_Work instruction:_ Both ends included, restate word for word the lines from the first line of the listing through the line containing "So this is the". Leave the pictures out.

──────── Collected material

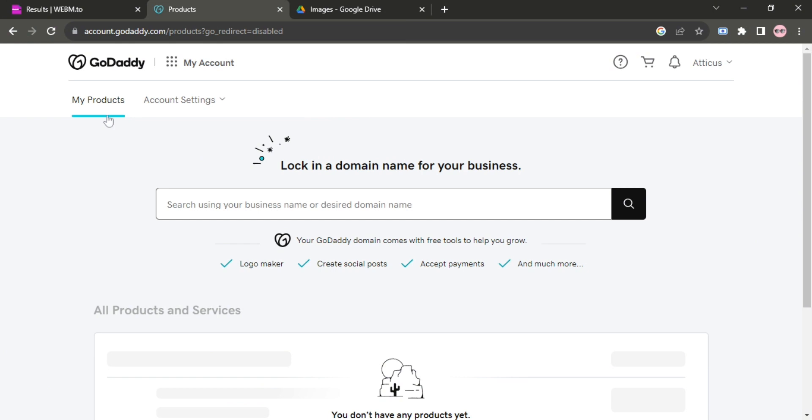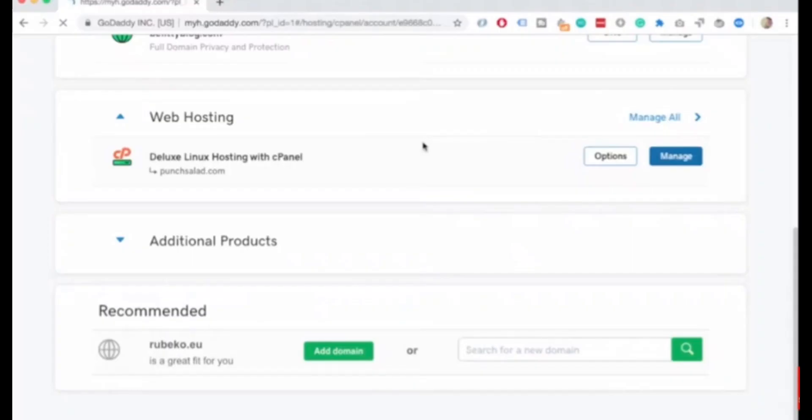Then you have to select the My Product option. After that you have to scroll down and in Web Hosting you have to click on the Manage button.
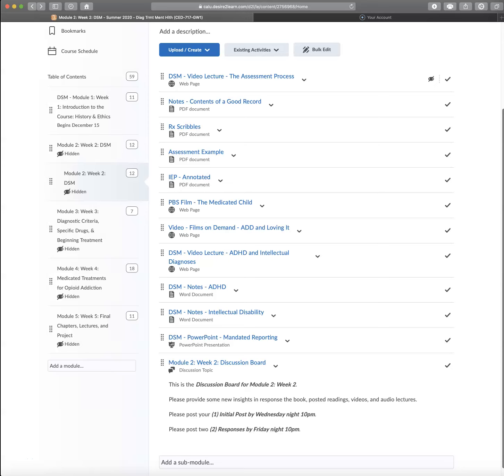So this is the second part of our lecture that has to do with some diagnoses. And today we'll be talking primarily about ADHD and a little bit about intellectual disabilities and some others.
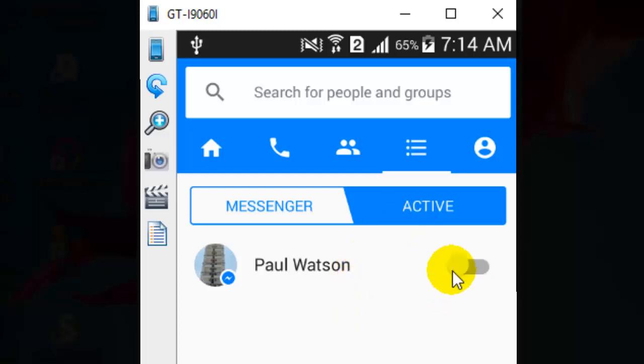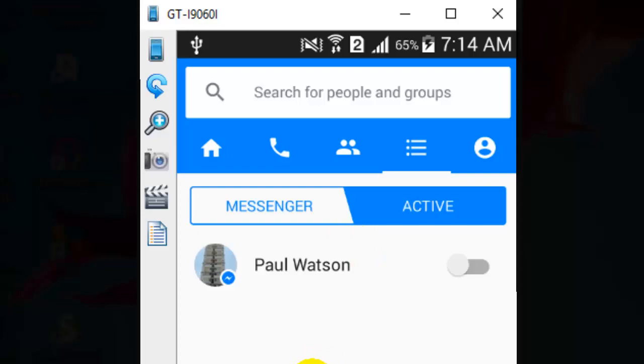So once you turn off that, the green dot is removed and now none of your friends will be able to see you online. So that is how you can turn off your Facebook Messenger chat. Thanks for watching this video.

────────────────

_Exercise answer:_
Then you have to select the My Product option. After that you have to scroll down and in Web Hosting you have to click on the Manage button.
So this is the second part of our lecture that has to do with some diagnoses. And today we'll be talking primarily about ADHD and a little bit about intellectual disabilities and some others.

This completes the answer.